WTI falls to near $80.50 due to a widespread selloff in risk assets
- WTI price extends losses as the US Dollar improves due to increased risk-off sentiment.
- Oil traders wrestle with mixed signals regarding global demand concerns and rising expectations of the Fed reducing rates.
- Higher US Treasury yields support the strength of the Greenback.
West Texas Intermediate (WTI) Oil price continues to decline, driven by a widespread selloff in risk assets and a stronger US Dollar (USD). During the Asian session on Friday, WTI trades around $80.60 per barrel during the Asian session on Friday. Investors grapple with mixed signals regarding crude demand, amid concerns over a potential global economic slowdown and rising expectations that the Federal Reserve may soon lower interest rates.
US Initial Jobless Claims increased more than expected, data showed on Thursday, adding 243K new unemployment benefits seekers for the week ended July 12 compared to the expected 230K, and rising above the previous week’s revised 223K. Soft labor data, which enhances market expectations for a Federal Reserve (Fed) rate cut in September, which could spur more spending on Oil.
On Wednesday, Fed Governor Christopher Waller said that the US central bank is ‘getting closer’ to an interest rate cut. Meanwhile, Richmond Fed President Thomas Barkin stated that easing in inflation had begun to broaden and he would like to see it continue,” per Reuters.
Crude Oil prices may face challenges due to a slowing Chinese economy in the second quarter, which impacts demand from the world's largest Oil-importing country. On Thursday, Chinese leaders indicated that Beijing would maintain its current economic policies, but provided few specific details.
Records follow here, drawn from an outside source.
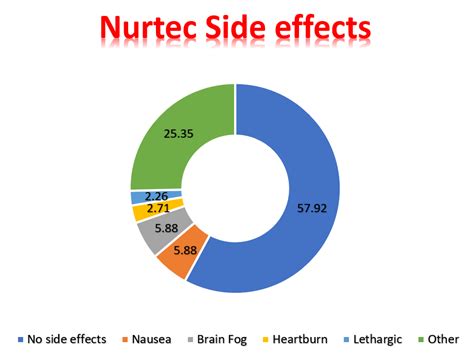 Contact information for aktienfakten.de - The most serious side effects of Nurtec are hypersensitivity reactions, including skin rash (less than 1% of patients), and trouble breathing (less than 1%). Nurtec and allergic reactions Allergic reactions caused by Nurtec have been mild reactions: skin rash and trouble breathing.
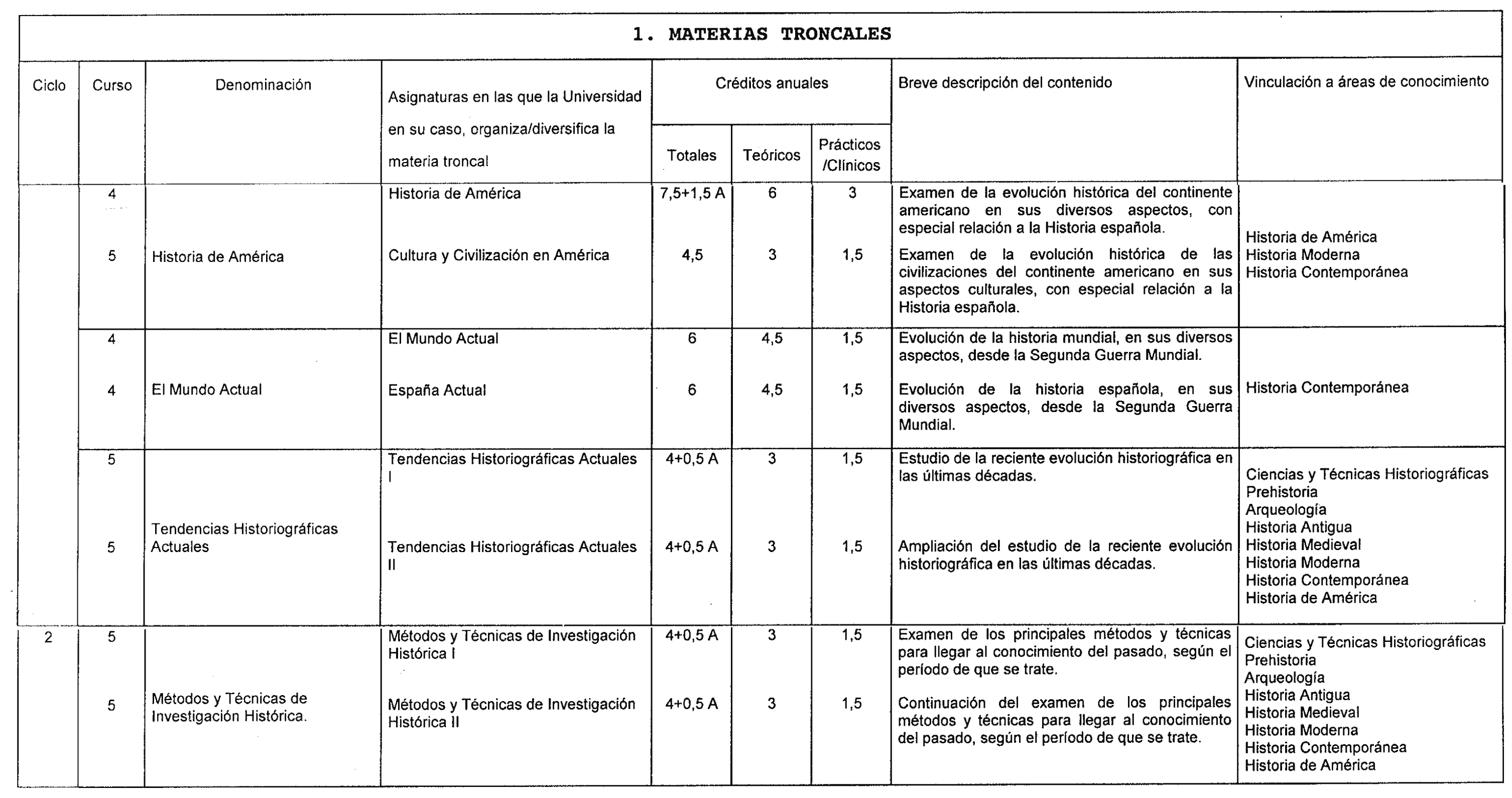 Imagen: /datos/imagenes/disp/1999/167/15523_8338010_image17.png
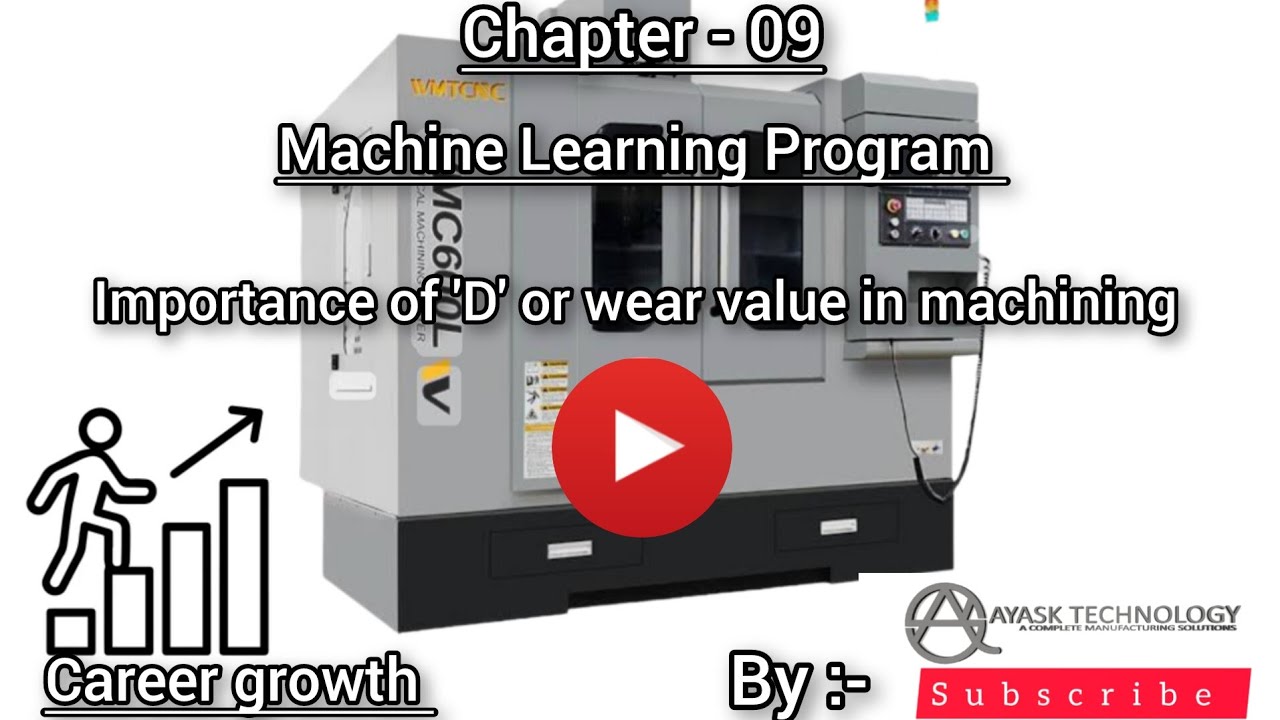 Machine learning program #trending #viral #youtubevideo #ytvideo #Ayask Technology #world #machine 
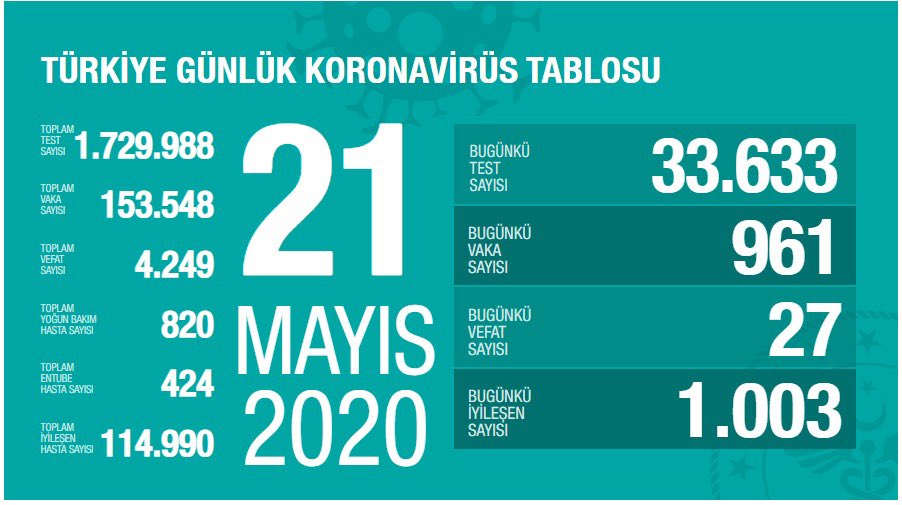 Türkiyədə koronavirusdan daha 27 nəfər öldü 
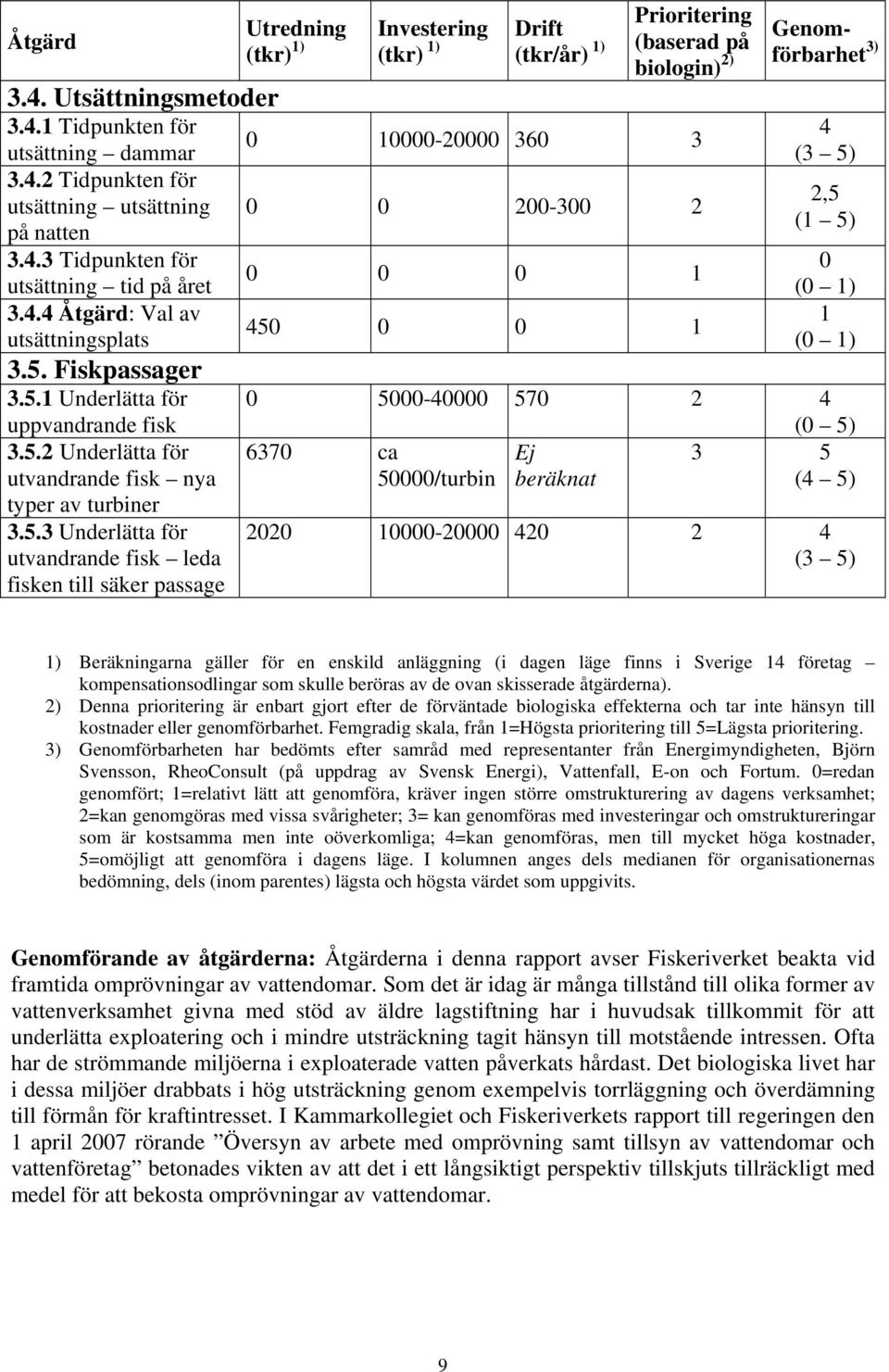 5.3 Underlätta för utvandrande fisk leda fisken till säker passage 0 0 0 1 450 0 0 1 Genomförbarhet 3) 4 (3 5) 2,5 (1 5) 0 (0 1) 1 (0 1) 0 5000-40000 570 2 4 (0 5) 6370 ca Ej 3 5 50000/turbin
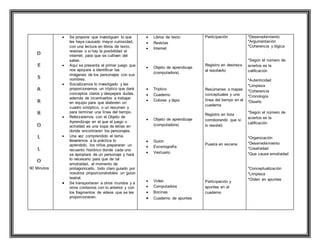 90 Minutos
 Se propone que investiguen lo que
les haya causado mayor curiosidad,
con una lectura en libros de texto,
revistas o si hay la posibilidad el
internet, para que se cultiven del
saber.
 Aquí se presenta el primer juego que
nos apoyara a identificar las
imágenes de los personajes con sus
nombres.
 Socializamos lo investigado y les
proporcionamos un tríptico que dará
conceptos claros y despejara dudas,
además de incentivarlos a trabajar
en equipo para que elaboren un
cuadro sinóptico, o un resumen y
para terminar una línea del tiempo.
 Reforzaremos con el Objeto de
Aprendizaje en el que el juego o
actividad es una sopa de letras en
donde encontraran los personajes.
 Una vez comprendido el tema
llevaremos a la práctica lo
aprendido, los niños prepararan un
recuento histórico donde cada uno
se apropiara de un personaje y hará
lo necesario para que de tal
emotividad, al momento de
protagonizarlo, todo claro guiado por
nosotros proporcionándoles un guion
teatral.
 Se transportaran a otros mundos y a
otros contextos con lo anterior y con
los fragmentos de videos que se les
proporcionaran.
 Libros de texto
 Revistas
 Internet
 Objeto de aprendizaje
(computadora)
 Tríptico
 Cuaderno
 Colores y lápiz
 Objeto de aprendizaje
(computadora)
 Guion
 Escenografía
 Vestuario
 Video
 Computadora
 Bocinas
 Cuaderno de apuntes
Participación
Registro en destreza
al resolverlo
Resúmenes o mapas
conceptuales y una
línea del tiempo en el
cuaderna
Registro en lista
corroborando que si
lo resolvió
Puesta en escena
Participación y
apuntes en el
cuaderno
*Desenvolvimiento
*Argumentación
*Coherencia y lógica
*Según el número de
aciertos es la
calificación
*Autenticidad
*Limpieza
*Coherencia
*Cronología
*Diseño
*Según el número de
aciertos es la
calificación
*Organización
*Desenvolvimiento
*Creatividad
*Que cause emotividad
*Conceptualización
*Limpieza
*Orden en apuntes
The Third Plenary Session concluded on Thursday with a lack of concrete measures to revitalize the faltering economy, failing to alleviate demand concerns from the top Oil importer. A senior Chinese official for economic affairs noted that China's economic recovery is not robust enough and emphasized the need for more effective implementation of macroeconomic policies, according to Reuters.
WTI Oil FAQs
WTI Oil is a type of Crude Oil sold on international markets. The WTI stands for West Texas Intermediate, one of three major types including Brent and Dubai Crude. WTI is also referred to as “light” and “sweet” because of its relatively low gravity and sulfur content respectively. It is considered a high quality Oil that is easily refined. It is sourced in the United States and distributed via the Cushing hub, which is considered “The Pipeline Crossroads of the World”. It is a benchmark for the Oil market and WTI price is frequently quoted in the media.
Like all assets, supply and demand are the key drivers of WTI Oil price. As such, global growth can be a driver of increased demand and vice versa for weak global growth. Political instability, wars, and sanctions can disrupt supply and impact prices. The decisions of OPEC, a group of major Oil-producing countries, is another key driver of price. The value of the US Dollar influences the price of WTI Crude Oil, since Oil is predominantly traded in US Dollars, thus a weaker US Dollar can make Oil more affordable and vice versa.
The weekly Oil inventory reports published by the American Petroleum Institute (API) and the Energy Information Agency (EIA) impact the price of WTI Oil. Changes in inventories reflect fluctuating supply and demand. If the data shows a drop in inventories it can indicate increased demand, pushing up Oil price. Higher inventories can reflect increased supply, pushing down prices. API’s report is published every Tuesday and EIA’s the day after. Their results are usually similar, falling within 1% of each other 75% of the time. The EIA data is considered more reliable, since it is a government agency.
OPEC (Organization of the Petroleum Exporting Countries) is a group of 13 Oil-producing nations who collectively decide production quotas for member countries at twice-yearly meetings. Their decisions often impact WTI Oil prices. When OPEC decides to lower quotas, it can tighten supply, pushing up Oil prices. When OPEC increases production, it has the opposite effect. OPEC+ refers to an expanded group that includes ten extra non-OPEC members, the most notable of which is Russia.